= Robert Byrd (artist) =

American children's book illustrator

Robert John Byrd (born January 11, 1942) is an American author and illustrator from Haddonfield, New Jersey.

Byrd was born in Atlantic City, New Jersey. Following high school, Byrd joined the U.S. Navy in 1961, leaving in 1962 to attend Trenton Junior College. After a year at Trenton, he switched to study at the Philadelphia College of Art (later called the University of the Arts).

Byrd wrote and illustrated five picture books including Leonardo, Beautiful Dreamer, which chronicles thematically the life and work of Leonardo da Vinci.

"I always drew as a child, but oddly enough never thought of it as a profession, or what you did when you grew up... Out of all my creative work, illustrating children's books gives me the greatest satisfaction. It is my 'fine art'. It keeps me going aesthetically. The books have a permanence and a quality of something meaningful."

He has also illustrated at least sixteen books for other authors, including Jack Stokes, Robert Kraus, Bruce Kraus, Laura Amy Schlitz, Kathleen Krull, Marilyn Jager Adams, and Paula Fox.

His work has been exhibited by the Society of Illustrators, the Philadelphia Art Alliance, and The Rosenfeld Gallery, in Philadelphia. He has also been exhibited in various locations within Switzerland, Italy, and Illinois. His work is a part of permanent collections at the Free Library of Philadelphia and the Philadelphia College of Art.

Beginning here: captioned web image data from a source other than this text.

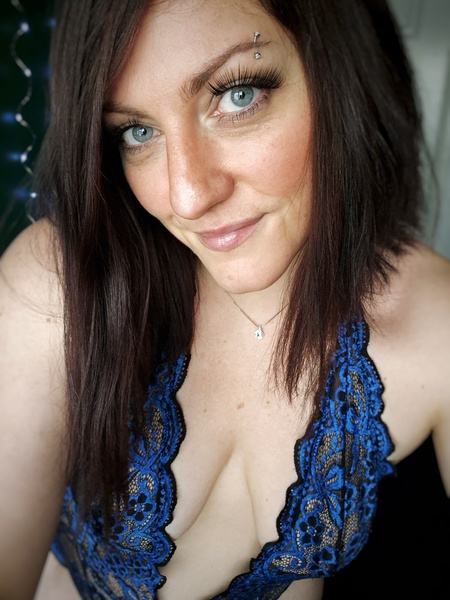 Performer Nola_Curves Photo 8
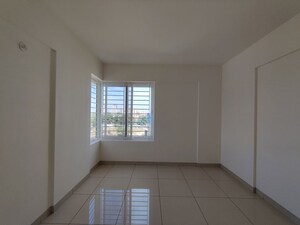 Room in 2 BHK Apartment at Mana Macasa Emerald, Choodasandra – for Sale
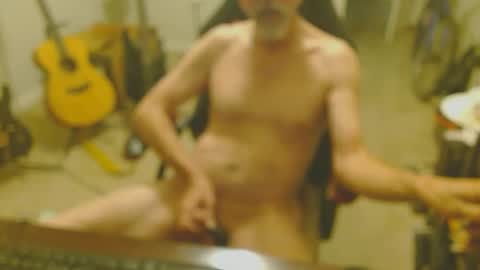 6stringer62 online show from October 1, 2025, 8:09 am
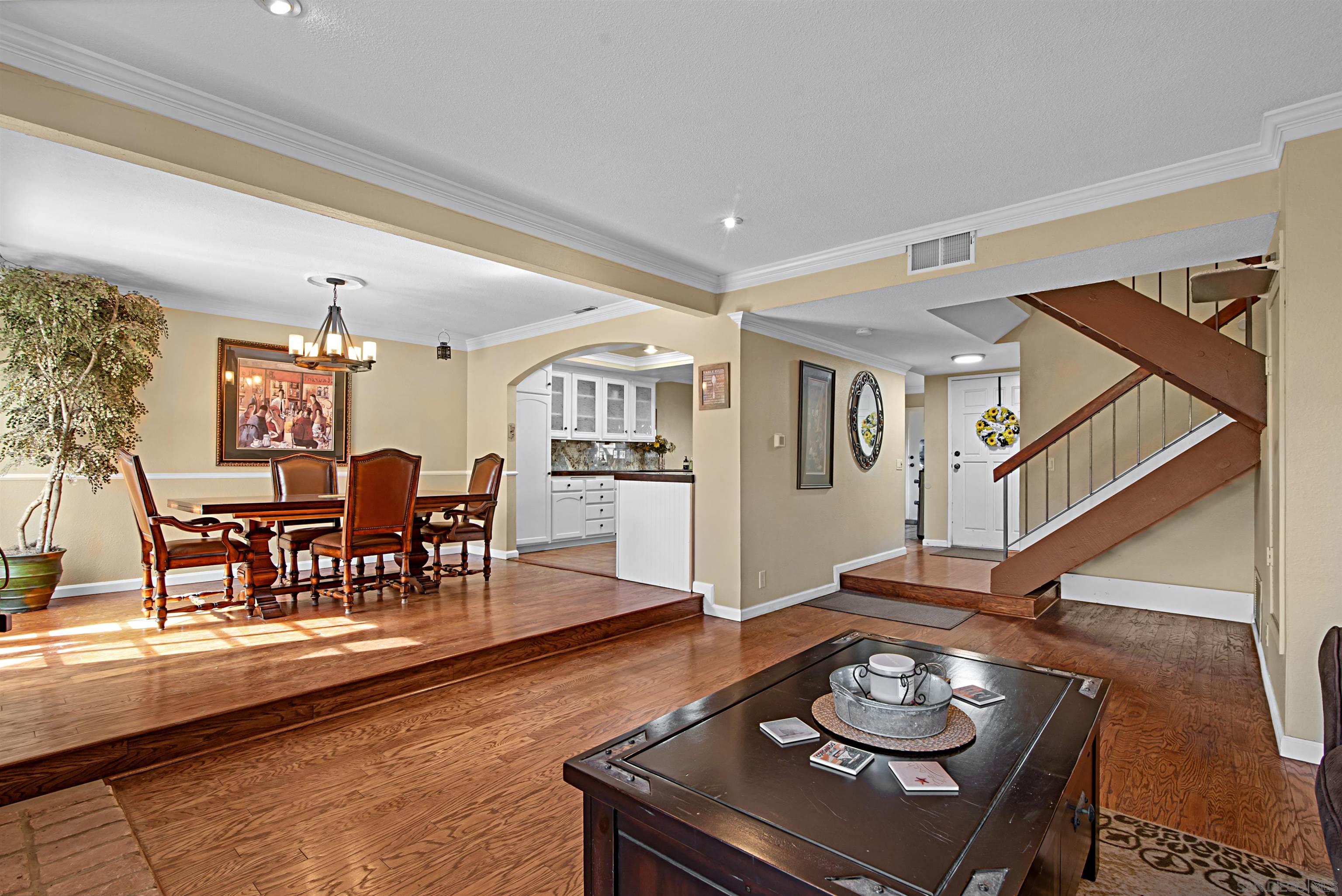 Detail Gallery Image 3 of 40 For 9917  Aviary Drive, San Diego,  CA 92131 - 3 Beds | 2/1 Baths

He has won the Golden Kite Award, and received other accolades from the Children's Book Council and the Society of Illustrators.

Robert is a member of the Graphic Artists Guild, Philadelphia Children's Reading Round Table, and the Philadelphia College of Art Alumni Association.
And he teaches Children's Book Illustration at the University of the Arts, and Moore College of Art and Design, in Philadelphia.